In the past two days, National Health Laboratory Service (NHLS) labs around the country managed to complete only 8 540 tests – compared to 13 896 tests done by private labs.
But both public and private sectors are showing a sharp decline in the number of tests conducted.
“As a country, we are now facing a challenge with the global shortage of testing reagents. We understand it’s becoming a challenge to many other countries,” Health Minister Zweli Mkhize said in his daily Covid-19 press release on Tuesday.
The shortages Mkhize referenced are clearly visible when reported testing data reported in by the Department of Health.

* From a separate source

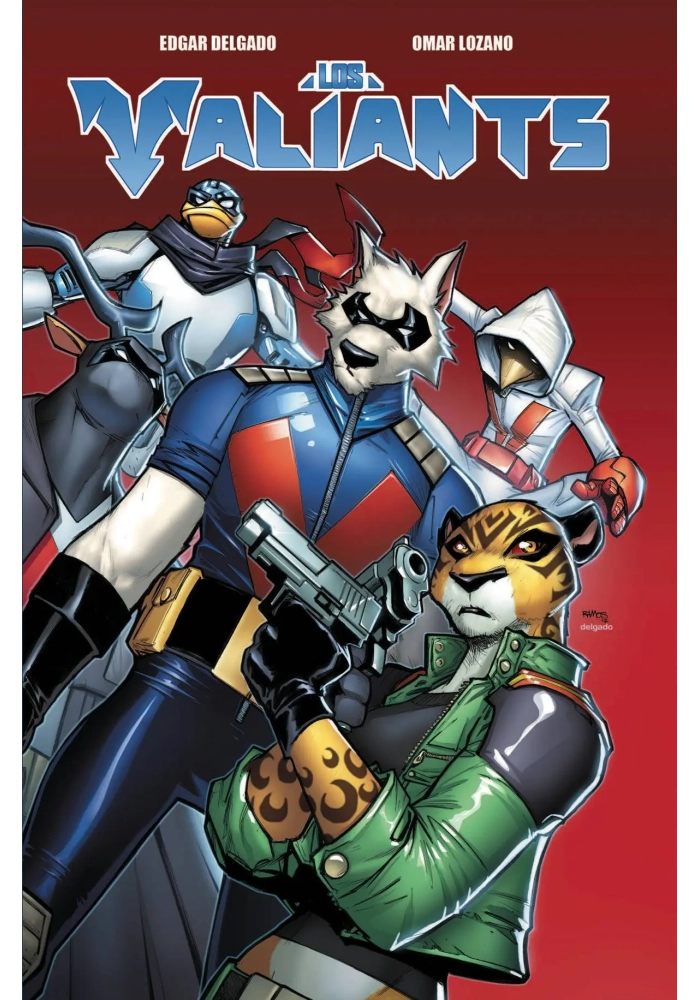 LOS VALIANTS GN VOL 01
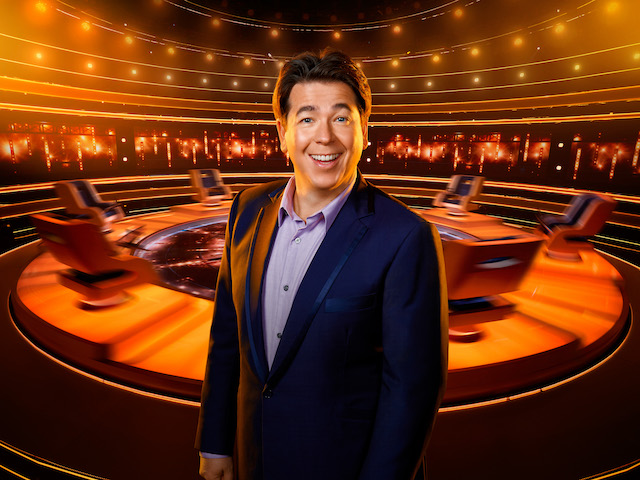 Michael McIntyre for The Wheel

A representation of daily testing data as reported by the Department of Health between 4 and 26 May for public labs, which shows sharp declines on 25 and 26 May. Graphic – Rudi Louw
A representation of daily testing data as reported by the department of health between 4 and 26 May for private labs, which shows a decline on 25 and 26 May. Graphic – Rudi Louw
In a report on testing published by the National Institute for Communicable Diseases (NICD), containing testing analysis for the week of 11 to 17 May 2020, testing had increased significantly since early March, but in the past two weeks under review (4-17 May), testing had declined – particularly for the week ending 17 May.
This was likely to due to shortages of testing kits and backlogs in labs.
A rolling seven-day average graphic of the number of tests done across public and private sectors, shows the decline after a long and sustained increase.
A rolling seven-day average of daily tests done across private and public laboratories shows how declining daily number of tests in recent days. (Graphic – Rudi Louw)
According to Health24, the report showed that laboratory delays, indicated by an increase in the number of days between the date the test is done and the specimen collected, and the reporting of the result, were more than six days for public labs.
Professor Glenda Davison, head of the biomedical sciences department at the Cape Peninsula University of Technology, told Health24 that test kit availability would definitely be a reason for a decrease in testing.
“The test kits are acquired from a number of international companies and are most often imported which could result in delays. The reason being that countries throughout the world are doing these tests and the supply just can’t keep up with the demand.”
Davison highlighted that the NHLS was locked into using test kits from specific manufacturers, such as Cepheid in the US – the company that manufactures the GeneXpert machines and test kits.
News24 previously reported that the US State Department had denied claims made by Mkhize in Parliament on 27 April that the US was restricting exports of the GeneXpert test kits.
“The GeneXpert kits are actually produced in the US. Since the US has put a restriction on the stuff being exported… the other company is operating out of Sweden and they have got some challenges which they have reported to us.
“We are hoping that they will get over those challenges … they have promised that they will be increasing their supply to us. We are aware the whole continent is looking for the same kits, so there is going to be quite a challenge,” said Mkhize.
While the NHLS uses other machines as well, such as Cobas models made by Roche, the GeneXpert machines are a crucial part of its plans to ramp up testing capacity – which has been hampered by a shortage of kits from the start.
The GeneXperts are also fitted to mobile testing units procured by the NHLS, to be used in far-flung areas with no laboratory nearby.
The NHLS, responding to a query from News24, said it was experiencing challenges regarding extraction and test kits in that ordered supplied could not be delivered due to logistical challenges that were “outside the NHLS’ control”.